Chronic pain can affect any aspect of your life, from sleeping at night to completing everyday tasks. If you have chronic pain, you may have tried several things to get rid of it, from traditional medications and therapies to complementary ones like acupuncture or massage. But if none of these worked, have you considered cognitive behavioral therapy or CBT, a treatment that could help you relieve, if not eliminate, your pain?
In the USA, one in five people already lives with chronic pain. However, living with chronic pain doesn't mean that it only hurts. A 2016 report for the Centers for Disease Control and Prevention found that chronic pain is closely related to ordinary pain reliever use, depression, and anxiety. Chronic pain can ruin a person's life.
A team of researchers investigated whether psychological treatment could have a positive effect on chronic pain. The patients they studied had mostly back pain, generalized inflammation, or pain with no other obvious cause. CBT helps people change how they see their pain and how they think about it. The goal of therapy is to get patients to notice and rephrase their negative thoughts about pain and then take steps to encourage patients to adopt more positive coping strategies. Once mastered, CBT can help patients take specific steps, such as: B. Exercise more, which in turn can help reduce pain.

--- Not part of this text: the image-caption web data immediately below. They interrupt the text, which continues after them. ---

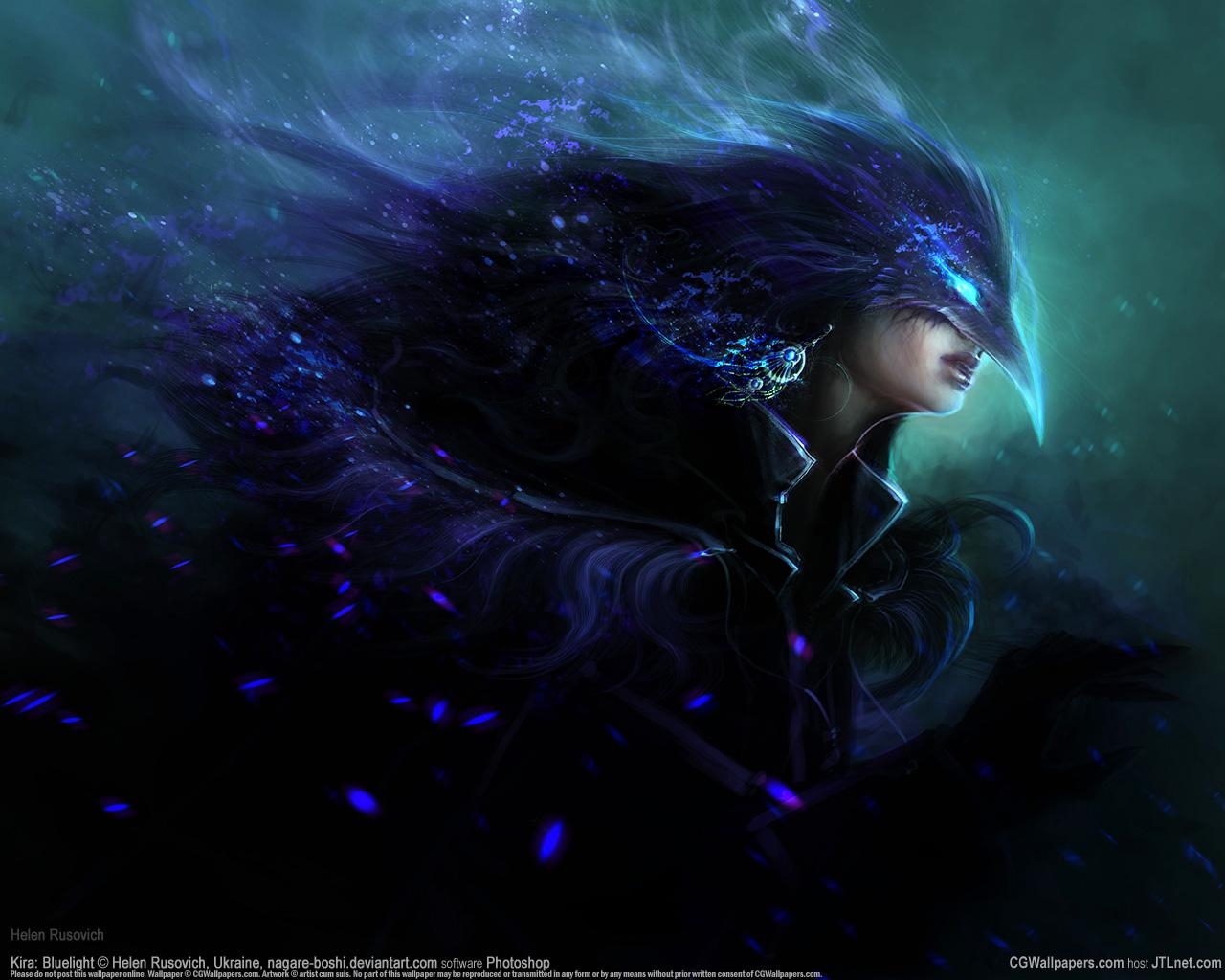 1280x1030 Wallpaper Kira: Bluelight Fantasy Supernatural beings, Desktop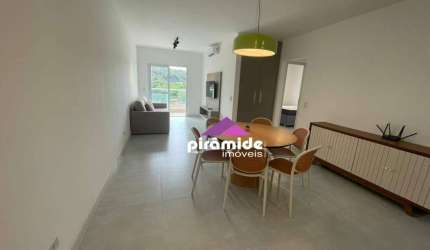 Apartamento com 2 dormitórios, 84 m² - venda por R$ 775.000,00 ou aluguel por R$ 3.678,00/mês - Cidade Jardim - Caraguatatuba/SP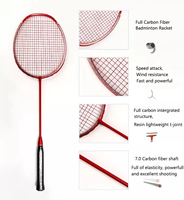 Raqueta de Bádminton de Fibra de Carbono Nanotech, Aprobada para Torneos, Ecológica, Textura Antideslizante, 620g, 24 Orificios, Deporte al Aire Libre, PU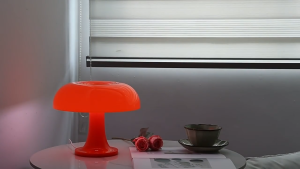 The mushroom-shaped an Italian designer is suitable for use in hotel bedrooms bedside areas living rooms and desks.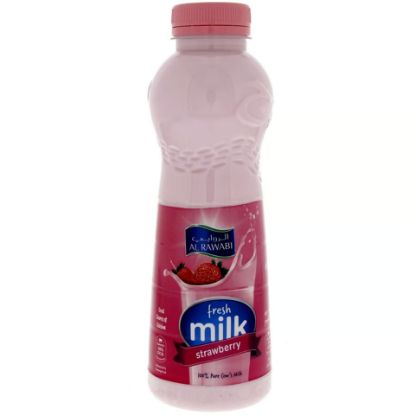Picture of Al Rawabi Fresh Milk Strawberry 500ml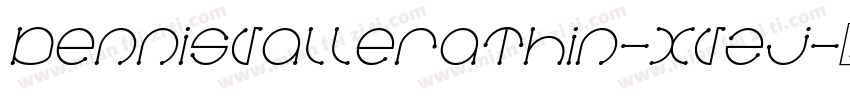 DennisValleraThin-xVzj字体转换
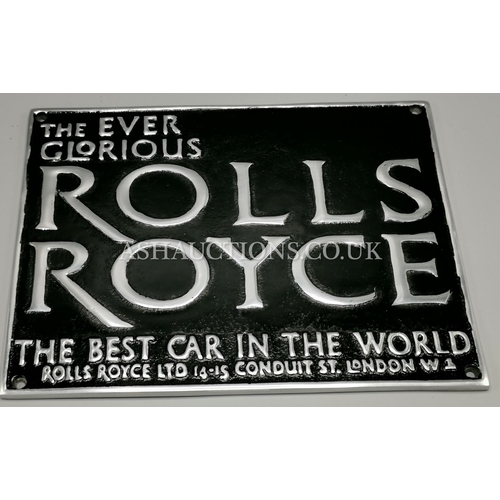 388 - ROLLS ROYCE METAL NAME PLATE (Please Note This Lot WILL NOT BE PACKED OR POSTED...PICK UP ONLY, AS I...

When evaluating the treatments available, the researchers found that patients treated with CBT had "slightly less pain and suffering" than other patients. And after comparing CBT with treatment with exercise programs or pain management, there was less of a difference in favor of CBT, but these patients still had less pain.
One of the advantages of CBT, besides being drug-free, is that it can be done anywhere, anytime. And once someone learns and is familiar with the techniques, they no longer need to see a therapist if they don't feel they need them. It's like having a toolkit for your brain that is easily accessible at all times.
In contrast to acute pain, which usually has a specific cause, chronic pain is often undetectable. If doctors can't find the source, they may offer medication as the only treatment option. These include muscle relaxants, anti-inflammatories, opioids, or antidepressants. And while these drugs can work for many patients, they can also have side effects that can also lead to discomfort. CBT has no side effects. Although the researchers didn't find that CBT was a cure for chronic pain, it may be worth trying to relieve or relieve the pain.